Gevolgen voor de eigen situatie hebben die waterplannen niet of nauwelijks. Dat wil zeggen: Luinge sluit niet uit dat ‘zijn’ gemaal tegen die tijd elektrisch wordt. Waarmee het mogelijk wordt om de pompen, net als die in veel andere gemalen, centraal en automatisch vanuit het Waterschapsgebouw in de stad Groningen centraal te bedienen. Dan komt voor hem veel werk te vervallen.
Met of zonder maalwerk: de Luinge’s verwachten nog jaren op hun afgelegen, doodlopende plek te blijven wonen.

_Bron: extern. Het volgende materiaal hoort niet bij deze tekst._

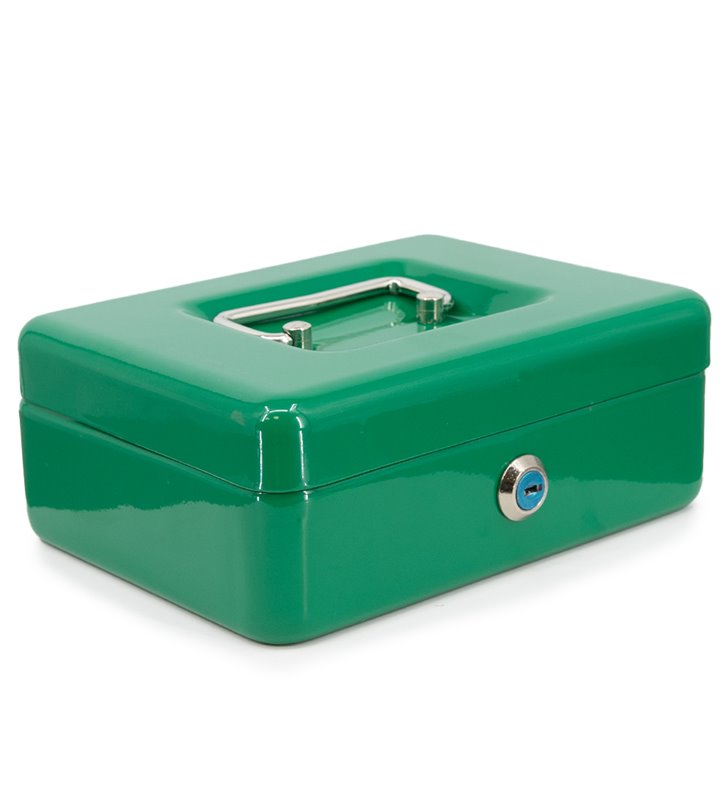 Caisse à monnaie verte en acier avec poignée monnayeur à serrure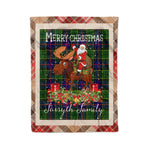 Personalized Gift Plaid Tartan Blanket Clan Forsyth Modern With Moose Lover Xmas Gift Santa Riding Christmas Fleece Blanket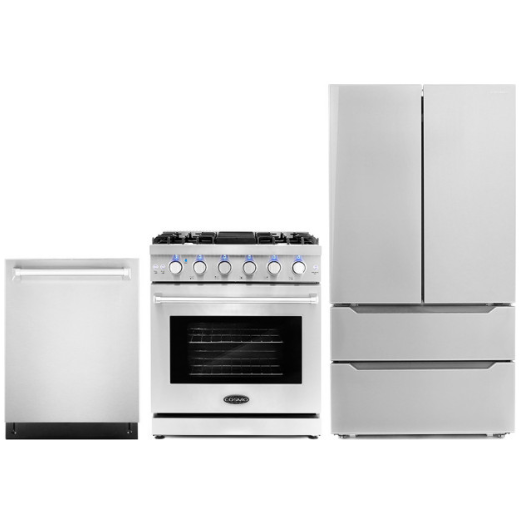 images Cosmo 3-Piece, 30" Gas Range, 24" Dishwasher and French Door Refrigerator COS-3PKG-011 - Image 1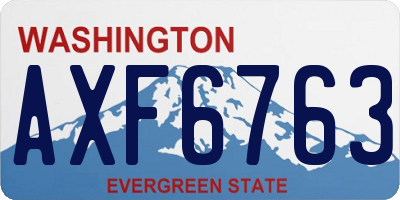 WA license plate AXF6763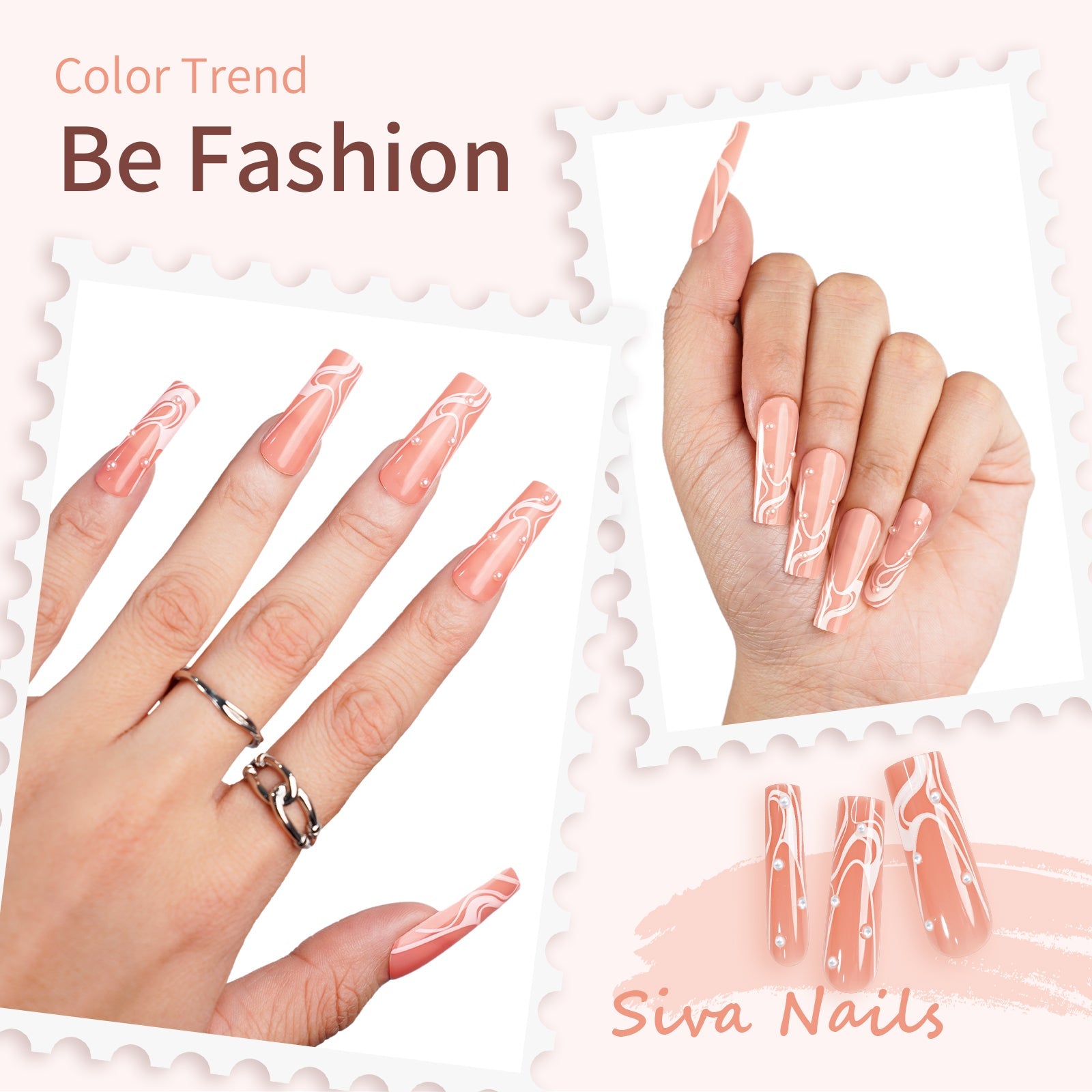 Siva Nail, Coral Tide, 24 pièces, faux ongles à coller avec accents nacrés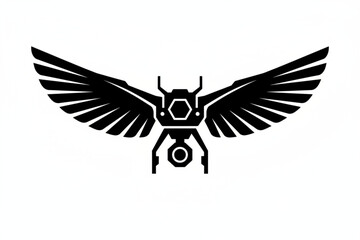 Abstract Drone Design: A striking, black and white illustration of a stylized drone, its design blending mechanical elements with avian wings, evoking the future of flight.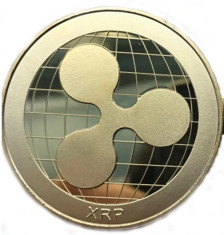 Moneda Suvenir Ripple XRP, diametru 40 mm, Auriu foto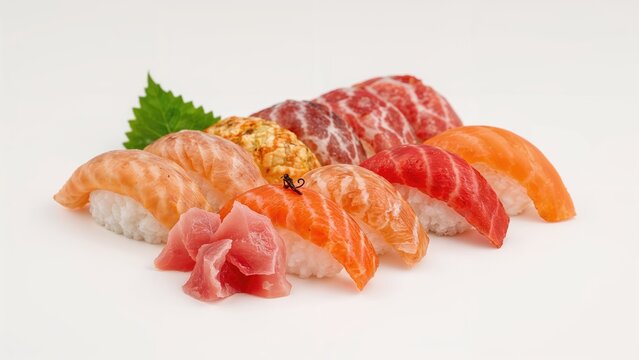 Assorted sushi and sashimi with a green leaf, featuring salmon, tuna, and other raw fish, on a white background. - Powered by Adobe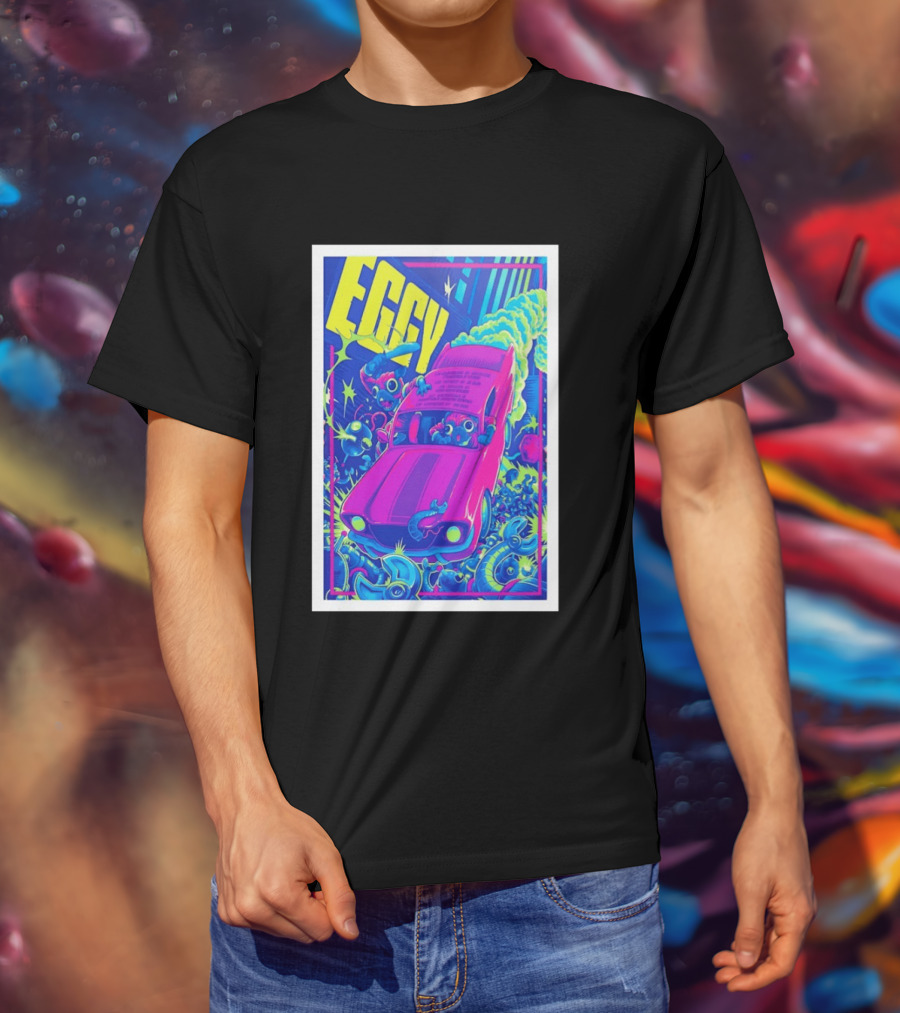Eggy March 8 2026 The Burl Show Retro Neon Car Adventure T-Shirt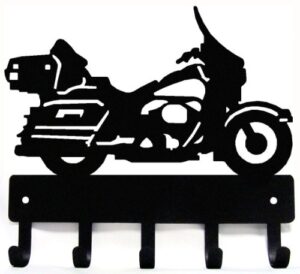 the metal peddler touring motorcycle motorbike #3 - key rack holder for wall - 9 inch wide - made in usa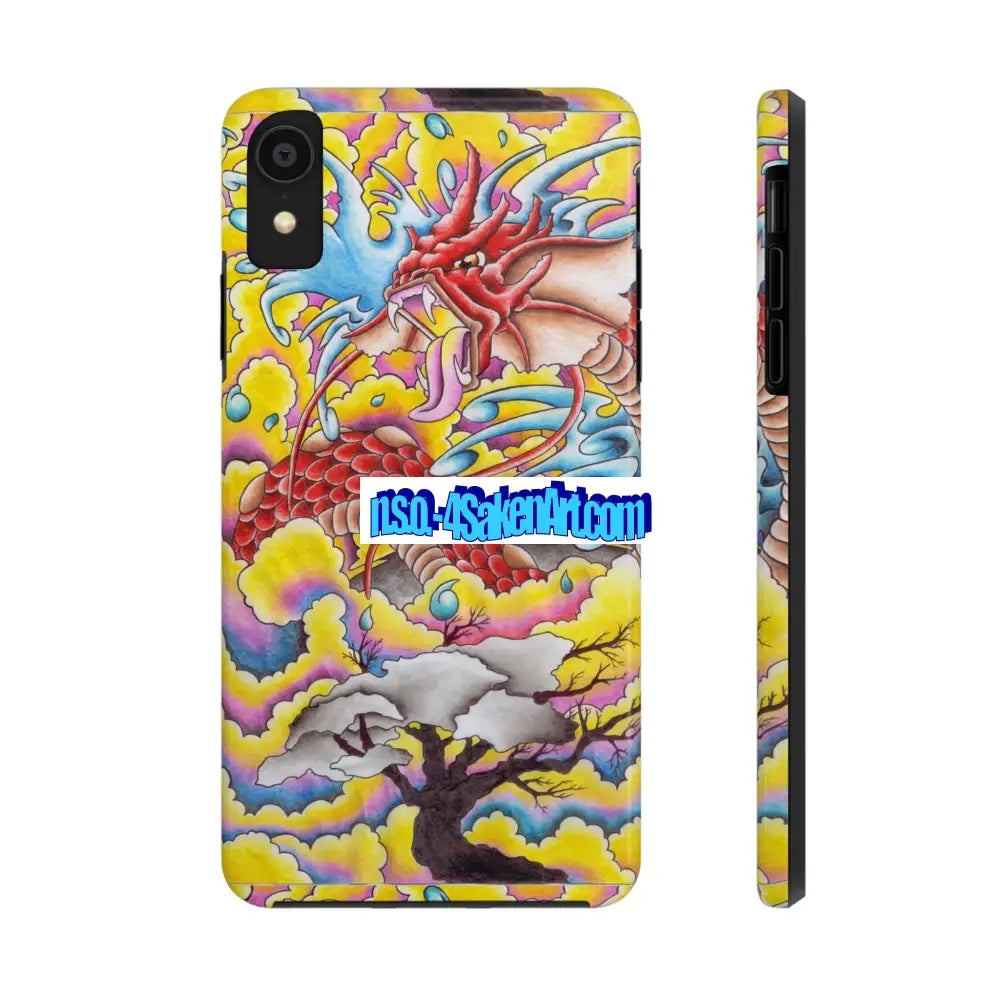 Vibrant Dragon Tough Phone Case Custom Phone Cover Colorful Phone Case Durable Protection Unique Art Case iPhone XR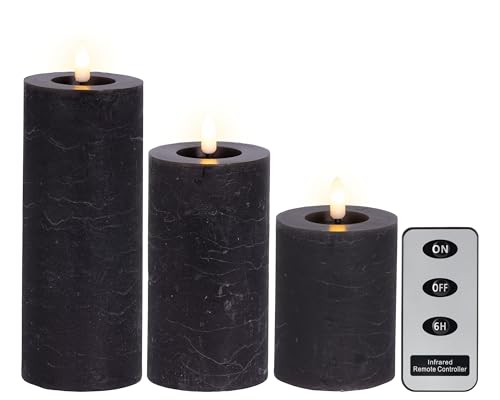 Lumineo LED Kerzen mit Timerfunktion 11-19cm Wachs 3er Set - flackernde Flamme Effekt - Echtwachskerze batteriebetrieben - Wachskerze Stumpenkerze Rustik Grau Warmweiß von Lumineo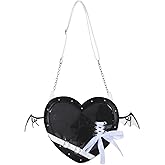 Oweisong Gothic Heart Purse Ita Shoulder Bag Cute Goth Y2K Bat Swing Crossbody Handbag for Anime Pins Display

De nadelen wegen in de verste verte niet op tegen de voordelen. De krant niet aan huis bezorgd? Daar valt mee te leven. Geen vuilnisauto aan de deur? Lastig, maar overkomelijk. Geen riolering? Zo’n sceptic tank werkt prima. Communicatie vormt evenmin een probleem. Ook huize Luinge kent de genoegens van ADSL.
Afgelegen wonen geeft vrijheid, vinden ze. Voor een botanische mislukking in de moestuin hoef je je niet te schamen – niemand die het opvalt. Net zo min als er veel commentaar is te verwachten op de diervriendelijke manier waarop de Luinge’s, heel zelfvoorzienend, hun schapen, koeien en ‘kuierkippen’ houden. En de gordijnen hoeven nooit dicht, in deze witte enclave onder de rook van Groningen.